The answer must be an exact reproduction of the lines from the start of the records below through the line containing "white nike boy", and nothing more.

Task inputs
--- START ---
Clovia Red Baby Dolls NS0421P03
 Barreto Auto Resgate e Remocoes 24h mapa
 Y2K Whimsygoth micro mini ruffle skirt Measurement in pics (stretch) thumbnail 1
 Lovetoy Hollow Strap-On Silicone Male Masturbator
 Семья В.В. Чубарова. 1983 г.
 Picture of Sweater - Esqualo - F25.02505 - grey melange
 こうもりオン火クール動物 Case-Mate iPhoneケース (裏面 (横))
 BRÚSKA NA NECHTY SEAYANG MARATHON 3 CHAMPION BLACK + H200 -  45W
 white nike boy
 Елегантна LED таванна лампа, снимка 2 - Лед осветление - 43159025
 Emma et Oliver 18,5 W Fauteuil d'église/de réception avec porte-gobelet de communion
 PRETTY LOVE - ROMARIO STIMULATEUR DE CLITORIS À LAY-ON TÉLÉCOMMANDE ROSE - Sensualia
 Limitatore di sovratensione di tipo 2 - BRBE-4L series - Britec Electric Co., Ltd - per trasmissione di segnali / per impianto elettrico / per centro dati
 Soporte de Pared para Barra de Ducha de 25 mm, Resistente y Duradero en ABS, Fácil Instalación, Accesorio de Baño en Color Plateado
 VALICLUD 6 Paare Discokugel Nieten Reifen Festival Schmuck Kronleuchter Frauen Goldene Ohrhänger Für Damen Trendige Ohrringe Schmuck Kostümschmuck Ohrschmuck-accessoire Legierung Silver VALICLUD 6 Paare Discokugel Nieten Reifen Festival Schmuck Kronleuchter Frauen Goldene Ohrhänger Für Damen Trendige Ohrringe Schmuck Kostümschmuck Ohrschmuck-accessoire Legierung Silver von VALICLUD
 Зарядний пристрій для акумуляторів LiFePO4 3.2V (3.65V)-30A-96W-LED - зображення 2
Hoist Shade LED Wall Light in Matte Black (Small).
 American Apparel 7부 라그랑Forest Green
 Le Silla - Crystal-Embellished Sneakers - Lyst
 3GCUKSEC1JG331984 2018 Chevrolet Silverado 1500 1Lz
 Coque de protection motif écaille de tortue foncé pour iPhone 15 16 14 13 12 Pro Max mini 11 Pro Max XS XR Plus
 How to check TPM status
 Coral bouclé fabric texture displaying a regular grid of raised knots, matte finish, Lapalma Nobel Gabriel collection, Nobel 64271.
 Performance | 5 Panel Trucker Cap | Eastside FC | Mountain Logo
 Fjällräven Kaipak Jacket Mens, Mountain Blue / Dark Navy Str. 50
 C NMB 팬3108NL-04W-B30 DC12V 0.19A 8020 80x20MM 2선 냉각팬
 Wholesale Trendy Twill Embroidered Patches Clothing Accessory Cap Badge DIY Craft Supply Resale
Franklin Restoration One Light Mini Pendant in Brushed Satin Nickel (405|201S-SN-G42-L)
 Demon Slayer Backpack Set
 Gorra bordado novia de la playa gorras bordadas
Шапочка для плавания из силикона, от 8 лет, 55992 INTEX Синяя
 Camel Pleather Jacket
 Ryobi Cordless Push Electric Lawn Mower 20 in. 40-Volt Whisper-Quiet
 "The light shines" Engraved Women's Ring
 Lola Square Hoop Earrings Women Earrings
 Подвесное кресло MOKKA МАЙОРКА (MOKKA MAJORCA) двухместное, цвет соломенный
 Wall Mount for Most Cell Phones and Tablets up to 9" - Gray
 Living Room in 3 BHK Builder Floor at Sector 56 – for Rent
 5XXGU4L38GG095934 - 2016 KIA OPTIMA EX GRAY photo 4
--- END ---
Worked solution
Clovia Red Baby Dolls NS0421P03
 Barreto Auto Resgate e Remocoes 24h mapa
 Y2K Whimsygoth micro mini ruffle skirt Measurement in pics (stretch) thumbnail 1
 Lovetoy Hollow Strap-On Silicone Male Masturbator
 Семья В.В. Чубарова. 1983 г.
 Picture of Sweater - Esqualo - F25.02505 - grey melange
 こうもりオン火クール動物 Case-Mate iPhoneケース (裏面 (横))
 BRÚSKA NA NECHTY SEAYANG MARATHON 3 CHAMPION BLACK + H200 -  45W
 white nike boy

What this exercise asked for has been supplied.